Pre-scan injection signals: unicode-control-chars
The supplied scan reports Unicode control characters in the instruction file. Such characters can hide or visually reorder text and are not needed for the stated activity-planning purpose.
'put it on the calendar' | Add the accepted plan as a calendar event with reminders; 'send invites' / 'let the crew know' | Send invite messages to group members via their contact channels; 'cancel the plan' | Remove a planned event and notify attendees
The instructions map short user phrases directly to calendar creation, outgoing messages, cancellation, and attendee notification, but the provided text does not show an explicit confirmation/preview step for recipients, message contents, or event deletion.
'calendar integration (Google Calendar + cron reminders)'
Cron reminders imply scheduled behavior that can continue after the immediate planning conversation. The provided instructions do not define the cron lifetime, cleanup behavior, or user approval requirements.
Checks whether tool use, credentials, dependencies, identity, account access, or inter-agent boundaries are broader than the stated purpose.
SKILL.md: 'Check the calendar — any planned events today/tonight? Conflicts?' and 'calendar integration (Google Calendar + cron reminders)'; metadata: 'Primary credential: none'
The skill instructs calendar access, including default Quick Mode calendar checking, but the registry metadata does not declare a credential, account scope, or capability boundary for that access.
Checks for exposed credentials, poisoned memory or context, unclear communication boundaries, or sensitive data that could leave the user's control.

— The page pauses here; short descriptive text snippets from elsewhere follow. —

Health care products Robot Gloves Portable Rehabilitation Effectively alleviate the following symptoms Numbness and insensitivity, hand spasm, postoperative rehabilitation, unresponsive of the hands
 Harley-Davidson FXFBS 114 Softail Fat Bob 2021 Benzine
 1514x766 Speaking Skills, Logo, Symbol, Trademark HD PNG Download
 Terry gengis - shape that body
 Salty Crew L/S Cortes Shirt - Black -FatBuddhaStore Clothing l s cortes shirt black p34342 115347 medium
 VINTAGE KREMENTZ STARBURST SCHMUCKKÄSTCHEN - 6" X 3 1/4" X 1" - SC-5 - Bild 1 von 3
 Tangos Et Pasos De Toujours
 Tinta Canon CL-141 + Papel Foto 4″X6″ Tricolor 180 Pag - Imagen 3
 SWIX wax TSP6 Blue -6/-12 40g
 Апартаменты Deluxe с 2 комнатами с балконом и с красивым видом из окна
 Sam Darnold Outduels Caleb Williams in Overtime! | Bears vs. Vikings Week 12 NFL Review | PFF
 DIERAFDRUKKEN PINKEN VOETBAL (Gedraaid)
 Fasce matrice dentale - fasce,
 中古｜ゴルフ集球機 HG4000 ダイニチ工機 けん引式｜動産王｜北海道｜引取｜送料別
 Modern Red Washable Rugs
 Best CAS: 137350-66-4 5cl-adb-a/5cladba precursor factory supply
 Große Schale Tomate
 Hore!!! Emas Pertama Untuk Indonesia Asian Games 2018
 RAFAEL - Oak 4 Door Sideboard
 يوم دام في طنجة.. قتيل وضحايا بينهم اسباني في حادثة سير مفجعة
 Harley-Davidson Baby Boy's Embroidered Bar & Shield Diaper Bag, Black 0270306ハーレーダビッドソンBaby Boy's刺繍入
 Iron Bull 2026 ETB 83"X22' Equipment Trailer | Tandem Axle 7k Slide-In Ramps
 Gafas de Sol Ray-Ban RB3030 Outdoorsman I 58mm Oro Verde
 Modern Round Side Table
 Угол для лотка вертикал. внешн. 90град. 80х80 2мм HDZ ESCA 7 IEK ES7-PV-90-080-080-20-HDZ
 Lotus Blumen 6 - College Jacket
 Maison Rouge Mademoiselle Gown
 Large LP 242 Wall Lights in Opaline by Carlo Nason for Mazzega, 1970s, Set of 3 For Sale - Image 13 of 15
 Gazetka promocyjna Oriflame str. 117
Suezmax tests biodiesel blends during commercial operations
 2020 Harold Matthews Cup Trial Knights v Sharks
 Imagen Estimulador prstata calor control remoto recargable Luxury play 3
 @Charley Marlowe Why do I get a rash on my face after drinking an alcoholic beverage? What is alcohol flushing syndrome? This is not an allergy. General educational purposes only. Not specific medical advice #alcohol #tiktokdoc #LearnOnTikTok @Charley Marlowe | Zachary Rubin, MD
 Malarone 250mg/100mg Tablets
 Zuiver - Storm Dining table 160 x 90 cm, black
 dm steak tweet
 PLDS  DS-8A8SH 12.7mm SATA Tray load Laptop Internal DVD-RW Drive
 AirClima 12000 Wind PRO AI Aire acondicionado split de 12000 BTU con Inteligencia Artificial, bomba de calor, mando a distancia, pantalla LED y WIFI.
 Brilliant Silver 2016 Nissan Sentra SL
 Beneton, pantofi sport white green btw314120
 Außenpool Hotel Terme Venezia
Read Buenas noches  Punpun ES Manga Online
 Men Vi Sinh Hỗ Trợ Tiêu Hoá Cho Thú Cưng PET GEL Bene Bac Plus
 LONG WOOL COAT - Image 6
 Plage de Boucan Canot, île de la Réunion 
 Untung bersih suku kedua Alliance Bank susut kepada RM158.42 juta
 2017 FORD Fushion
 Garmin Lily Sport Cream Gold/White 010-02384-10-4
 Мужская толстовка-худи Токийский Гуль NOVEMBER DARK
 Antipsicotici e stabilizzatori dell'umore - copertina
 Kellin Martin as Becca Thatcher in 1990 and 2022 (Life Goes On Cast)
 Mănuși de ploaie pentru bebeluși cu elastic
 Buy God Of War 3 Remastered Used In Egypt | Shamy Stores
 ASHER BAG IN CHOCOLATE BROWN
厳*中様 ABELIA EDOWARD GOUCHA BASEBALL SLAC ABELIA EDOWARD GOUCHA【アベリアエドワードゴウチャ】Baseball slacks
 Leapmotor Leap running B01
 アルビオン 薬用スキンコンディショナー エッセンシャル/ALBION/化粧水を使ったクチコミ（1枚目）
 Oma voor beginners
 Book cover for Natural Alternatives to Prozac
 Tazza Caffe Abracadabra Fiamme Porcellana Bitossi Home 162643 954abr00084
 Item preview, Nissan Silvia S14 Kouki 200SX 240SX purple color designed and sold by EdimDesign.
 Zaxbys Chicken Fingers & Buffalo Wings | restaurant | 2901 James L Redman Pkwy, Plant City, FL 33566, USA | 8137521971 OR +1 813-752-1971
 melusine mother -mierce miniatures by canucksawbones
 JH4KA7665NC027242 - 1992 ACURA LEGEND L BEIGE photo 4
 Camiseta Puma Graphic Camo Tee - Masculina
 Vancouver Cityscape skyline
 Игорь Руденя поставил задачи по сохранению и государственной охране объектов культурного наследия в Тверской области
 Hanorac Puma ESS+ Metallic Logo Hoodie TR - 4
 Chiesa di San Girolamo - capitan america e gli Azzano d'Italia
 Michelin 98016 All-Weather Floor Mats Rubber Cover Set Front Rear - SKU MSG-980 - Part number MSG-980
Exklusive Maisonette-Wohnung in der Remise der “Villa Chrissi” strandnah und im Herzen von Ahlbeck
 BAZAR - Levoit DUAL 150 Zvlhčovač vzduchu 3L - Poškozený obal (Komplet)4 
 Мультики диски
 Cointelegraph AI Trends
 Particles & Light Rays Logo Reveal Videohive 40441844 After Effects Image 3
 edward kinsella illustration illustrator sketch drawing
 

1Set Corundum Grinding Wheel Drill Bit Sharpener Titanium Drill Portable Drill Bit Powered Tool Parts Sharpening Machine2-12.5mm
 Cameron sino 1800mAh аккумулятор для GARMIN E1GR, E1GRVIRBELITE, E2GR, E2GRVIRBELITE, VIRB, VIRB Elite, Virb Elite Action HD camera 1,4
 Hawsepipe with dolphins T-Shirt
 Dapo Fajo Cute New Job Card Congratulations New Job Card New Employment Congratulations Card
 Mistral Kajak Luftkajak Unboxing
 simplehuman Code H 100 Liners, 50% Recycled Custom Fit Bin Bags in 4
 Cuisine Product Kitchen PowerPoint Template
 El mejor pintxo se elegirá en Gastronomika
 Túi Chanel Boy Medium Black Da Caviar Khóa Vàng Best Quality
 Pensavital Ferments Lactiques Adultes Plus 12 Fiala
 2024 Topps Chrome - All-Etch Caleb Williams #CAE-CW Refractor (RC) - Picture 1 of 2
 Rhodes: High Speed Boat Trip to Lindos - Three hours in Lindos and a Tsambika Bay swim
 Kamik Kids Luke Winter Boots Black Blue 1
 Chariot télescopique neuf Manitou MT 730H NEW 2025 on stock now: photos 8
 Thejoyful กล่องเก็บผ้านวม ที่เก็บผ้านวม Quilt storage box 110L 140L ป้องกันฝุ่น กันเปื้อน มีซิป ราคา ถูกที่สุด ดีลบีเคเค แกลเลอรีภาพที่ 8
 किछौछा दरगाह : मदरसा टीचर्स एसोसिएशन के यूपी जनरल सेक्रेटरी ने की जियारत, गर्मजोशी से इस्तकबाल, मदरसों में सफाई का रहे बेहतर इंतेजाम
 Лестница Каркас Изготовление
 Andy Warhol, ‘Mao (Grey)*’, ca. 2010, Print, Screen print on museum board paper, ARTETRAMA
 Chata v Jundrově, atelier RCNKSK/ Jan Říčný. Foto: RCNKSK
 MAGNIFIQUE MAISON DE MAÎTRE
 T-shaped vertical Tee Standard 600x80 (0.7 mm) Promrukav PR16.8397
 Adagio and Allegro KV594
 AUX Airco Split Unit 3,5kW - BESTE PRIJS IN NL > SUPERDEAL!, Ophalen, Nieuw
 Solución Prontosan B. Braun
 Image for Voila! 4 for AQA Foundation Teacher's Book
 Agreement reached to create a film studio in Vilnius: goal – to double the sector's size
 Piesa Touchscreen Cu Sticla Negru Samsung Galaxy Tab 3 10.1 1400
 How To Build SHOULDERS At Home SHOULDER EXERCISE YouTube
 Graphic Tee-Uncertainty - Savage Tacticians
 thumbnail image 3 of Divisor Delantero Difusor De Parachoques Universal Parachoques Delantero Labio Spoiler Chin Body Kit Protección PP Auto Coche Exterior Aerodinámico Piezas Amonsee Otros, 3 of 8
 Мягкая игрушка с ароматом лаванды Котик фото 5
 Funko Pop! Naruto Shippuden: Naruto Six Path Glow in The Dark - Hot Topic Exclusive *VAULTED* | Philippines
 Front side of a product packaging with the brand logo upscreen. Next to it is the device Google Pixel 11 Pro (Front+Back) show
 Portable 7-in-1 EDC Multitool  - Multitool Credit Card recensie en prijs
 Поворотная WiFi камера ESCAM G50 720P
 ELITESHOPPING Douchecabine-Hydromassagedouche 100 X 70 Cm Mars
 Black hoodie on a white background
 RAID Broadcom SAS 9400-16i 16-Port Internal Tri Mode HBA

All user data lives in '<workspace>/data/whatdo/'; 'preferences.json' stores learned preferences, groups, favorites, blacklists, routines, and personalization data; group members include telegram, email, phone, dietary, and alcohol fields.
The skill persistently stores personal preferences, history, contact details, and group attributes. This is purpose-aligned and locally scoped, but it is sensitive profile/context data reused across future tasks.